South Africa's copyright legislation abides by the Berne Convention. This means authors have the exclusive right to authorise reproduction of their works in any manner or form.
The Convention does make special provisions for educational needs. It allows member states to permit the reproduction of copyright-protected works in certain special cases, but the reproduction can't interfere with a normal exploitation of the work or unreasonably prejudice the legitimate interests of the author. The copyright owner still has the exclusive right to undertake certain acts with his work, but the law recognises some uses of copyright-protected works do lie outside the owner's control. These are the exceptions to the exclusive right. While many users regard these exceptions as their rights, they are technically exemptions from liability or defences for acts that would otherwise infringe copyright law.
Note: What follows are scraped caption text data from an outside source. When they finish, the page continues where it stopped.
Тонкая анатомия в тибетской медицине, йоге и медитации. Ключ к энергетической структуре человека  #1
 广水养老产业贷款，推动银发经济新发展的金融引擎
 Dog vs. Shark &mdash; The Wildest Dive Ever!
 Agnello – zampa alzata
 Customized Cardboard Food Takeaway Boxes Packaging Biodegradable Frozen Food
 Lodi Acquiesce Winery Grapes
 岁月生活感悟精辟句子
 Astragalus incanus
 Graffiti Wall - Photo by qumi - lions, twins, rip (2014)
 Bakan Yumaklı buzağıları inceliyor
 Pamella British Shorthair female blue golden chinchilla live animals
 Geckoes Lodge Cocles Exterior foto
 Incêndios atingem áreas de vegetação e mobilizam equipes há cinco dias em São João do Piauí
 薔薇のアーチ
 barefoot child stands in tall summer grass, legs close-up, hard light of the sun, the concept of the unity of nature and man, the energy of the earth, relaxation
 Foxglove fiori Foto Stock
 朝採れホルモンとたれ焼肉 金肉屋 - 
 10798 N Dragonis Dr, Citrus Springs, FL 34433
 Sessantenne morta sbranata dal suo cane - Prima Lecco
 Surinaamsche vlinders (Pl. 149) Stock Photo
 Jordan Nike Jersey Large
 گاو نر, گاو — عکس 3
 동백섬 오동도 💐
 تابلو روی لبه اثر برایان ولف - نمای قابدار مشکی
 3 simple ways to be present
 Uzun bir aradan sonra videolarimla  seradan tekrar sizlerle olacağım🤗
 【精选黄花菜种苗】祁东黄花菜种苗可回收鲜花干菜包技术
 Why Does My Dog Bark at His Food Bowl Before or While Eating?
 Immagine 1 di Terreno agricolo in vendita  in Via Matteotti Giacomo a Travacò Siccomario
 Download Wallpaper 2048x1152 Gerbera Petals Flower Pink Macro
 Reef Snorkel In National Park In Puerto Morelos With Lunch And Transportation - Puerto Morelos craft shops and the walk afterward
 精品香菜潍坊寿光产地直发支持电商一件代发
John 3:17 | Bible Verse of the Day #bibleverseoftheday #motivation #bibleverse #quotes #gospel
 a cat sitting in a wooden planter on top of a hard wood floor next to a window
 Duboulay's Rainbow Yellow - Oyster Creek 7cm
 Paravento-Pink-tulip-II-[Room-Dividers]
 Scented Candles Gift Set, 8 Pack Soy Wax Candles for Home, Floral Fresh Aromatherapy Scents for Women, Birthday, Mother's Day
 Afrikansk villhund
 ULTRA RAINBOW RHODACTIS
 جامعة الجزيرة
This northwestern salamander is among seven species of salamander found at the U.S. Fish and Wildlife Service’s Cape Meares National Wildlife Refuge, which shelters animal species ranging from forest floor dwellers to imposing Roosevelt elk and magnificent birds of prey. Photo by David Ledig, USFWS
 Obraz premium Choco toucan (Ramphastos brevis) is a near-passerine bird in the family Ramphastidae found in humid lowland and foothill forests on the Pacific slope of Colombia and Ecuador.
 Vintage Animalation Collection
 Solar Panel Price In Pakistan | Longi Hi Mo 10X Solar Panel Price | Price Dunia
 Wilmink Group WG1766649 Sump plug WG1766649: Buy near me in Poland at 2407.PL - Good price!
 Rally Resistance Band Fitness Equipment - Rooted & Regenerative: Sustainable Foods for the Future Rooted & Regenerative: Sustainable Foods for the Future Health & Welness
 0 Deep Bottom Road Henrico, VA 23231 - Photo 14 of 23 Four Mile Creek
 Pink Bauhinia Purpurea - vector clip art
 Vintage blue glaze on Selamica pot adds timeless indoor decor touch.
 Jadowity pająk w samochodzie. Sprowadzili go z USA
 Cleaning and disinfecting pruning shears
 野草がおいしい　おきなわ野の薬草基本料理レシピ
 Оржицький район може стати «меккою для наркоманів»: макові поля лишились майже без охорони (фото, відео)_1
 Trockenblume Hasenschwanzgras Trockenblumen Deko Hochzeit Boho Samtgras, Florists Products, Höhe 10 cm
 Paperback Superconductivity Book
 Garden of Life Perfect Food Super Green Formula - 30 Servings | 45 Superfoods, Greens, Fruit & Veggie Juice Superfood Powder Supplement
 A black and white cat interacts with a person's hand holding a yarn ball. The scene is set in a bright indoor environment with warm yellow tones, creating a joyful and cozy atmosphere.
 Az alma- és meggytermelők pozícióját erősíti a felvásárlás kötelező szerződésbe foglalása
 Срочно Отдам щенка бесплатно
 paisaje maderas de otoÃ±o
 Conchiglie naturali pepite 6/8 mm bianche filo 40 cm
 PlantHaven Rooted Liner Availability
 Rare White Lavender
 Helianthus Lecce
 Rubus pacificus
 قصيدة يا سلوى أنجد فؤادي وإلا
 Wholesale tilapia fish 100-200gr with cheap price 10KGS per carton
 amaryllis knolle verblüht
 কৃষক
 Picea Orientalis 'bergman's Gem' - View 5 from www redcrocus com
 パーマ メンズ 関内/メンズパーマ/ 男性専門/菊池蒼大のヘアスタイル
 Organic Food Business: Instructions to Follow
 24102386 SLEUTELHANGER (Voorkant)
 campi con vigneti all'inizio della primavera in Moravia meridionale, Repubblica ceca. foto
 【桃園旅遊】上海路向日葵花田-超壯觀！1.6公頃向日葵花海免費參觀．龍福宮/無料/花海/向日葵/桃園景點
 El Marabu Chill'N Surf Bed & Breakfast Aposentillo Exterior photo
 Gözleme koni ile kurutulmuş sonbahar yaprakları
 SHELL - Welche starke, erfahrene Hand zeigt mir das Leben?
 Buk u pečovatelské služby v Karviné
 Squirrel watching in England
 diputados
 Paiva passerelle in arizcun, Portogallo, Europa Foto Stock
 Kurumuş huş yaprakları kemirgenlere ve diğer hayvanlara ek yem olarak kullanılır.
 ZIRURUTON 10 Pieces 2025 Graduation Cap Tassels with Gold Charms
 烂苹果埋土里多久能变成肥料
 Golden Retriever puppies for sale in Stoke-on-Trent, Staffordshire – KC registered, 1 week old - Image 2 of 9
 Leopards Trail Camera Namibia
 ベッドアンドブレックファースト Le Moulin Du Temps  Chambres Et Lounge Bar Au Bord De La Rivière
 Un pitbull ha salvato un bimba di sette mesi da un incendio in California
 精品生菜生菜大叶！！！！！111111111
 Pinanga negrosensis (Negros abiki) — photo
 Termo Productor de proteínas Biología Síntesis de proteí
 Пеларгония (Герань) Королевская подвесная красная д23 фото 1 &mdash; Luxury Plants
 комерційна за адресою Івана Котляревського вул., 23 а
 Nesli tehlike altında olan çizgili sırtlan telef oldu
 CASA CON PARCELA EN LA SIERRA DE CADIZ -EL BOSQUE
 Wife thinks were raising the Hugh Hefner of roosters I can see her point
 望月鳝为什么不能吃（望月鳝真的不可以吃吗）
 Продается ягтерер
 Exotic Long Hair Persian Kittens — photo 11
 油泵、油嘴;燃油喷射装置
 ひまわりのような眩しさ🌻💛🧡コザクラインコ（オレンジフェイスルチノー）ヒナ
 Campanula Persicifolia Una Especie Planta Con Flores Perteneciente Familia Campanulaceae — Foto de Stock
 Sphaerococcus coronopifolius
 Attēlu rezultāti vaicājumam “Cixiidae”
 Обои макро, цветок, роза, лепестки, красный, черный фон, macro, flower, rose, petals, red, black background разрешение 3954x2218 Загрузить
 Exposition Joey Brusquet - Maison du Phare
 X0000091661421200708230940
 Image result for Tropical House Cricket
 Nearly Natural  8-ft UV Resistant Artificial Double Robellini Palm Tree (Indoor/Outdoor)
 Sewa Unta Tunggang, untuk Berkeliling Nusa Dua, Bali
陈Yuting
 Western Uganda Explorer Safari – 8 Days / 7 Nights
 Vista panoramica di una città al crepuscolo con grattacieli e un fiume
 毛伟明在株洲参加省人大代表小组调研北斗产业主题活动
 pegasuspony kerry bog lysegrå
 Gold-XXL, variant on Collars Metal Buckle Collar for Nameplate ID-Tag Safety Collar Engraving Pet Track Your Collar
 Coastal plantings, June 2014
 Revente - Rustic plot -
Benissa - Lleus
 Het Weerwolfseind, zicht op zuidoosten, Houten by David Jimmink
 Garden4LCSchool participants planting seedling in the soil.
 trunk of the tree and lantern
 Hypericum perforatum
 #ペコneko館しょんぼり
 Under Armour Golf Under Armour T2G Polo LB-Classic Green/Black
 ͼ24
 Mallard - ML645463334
The South African Copyright Act sets out general exceptions from the protection of literary works. Section 12(1)(a) says fair dealing of a copyright-protected literary work is permissible for the purpose of research or private study or for the personal or private use of the person using the work.
What exactly is fair dealing?
Fair dealing allows a user to copy, for their own study or research or private use, as much of the work as they need to meet their reasonable needs, without seeking permission from the copyright owner or paying compensation.
How much may I copy under fair dealing?
The Act doesn't give us a precise definition, so we can't say how much! It depends on the circumstances of each case. South African law does not specify that 5%, or 10%, or 20% - or any percentage - is "fair", and it doesn't say that you can make a single copy as long as it doesn't constitute a "substantial amount". If you were to copy a large portion of a book or journal, and were charged with infringing copyright, it would be up to you to convince the court that your actions were fair.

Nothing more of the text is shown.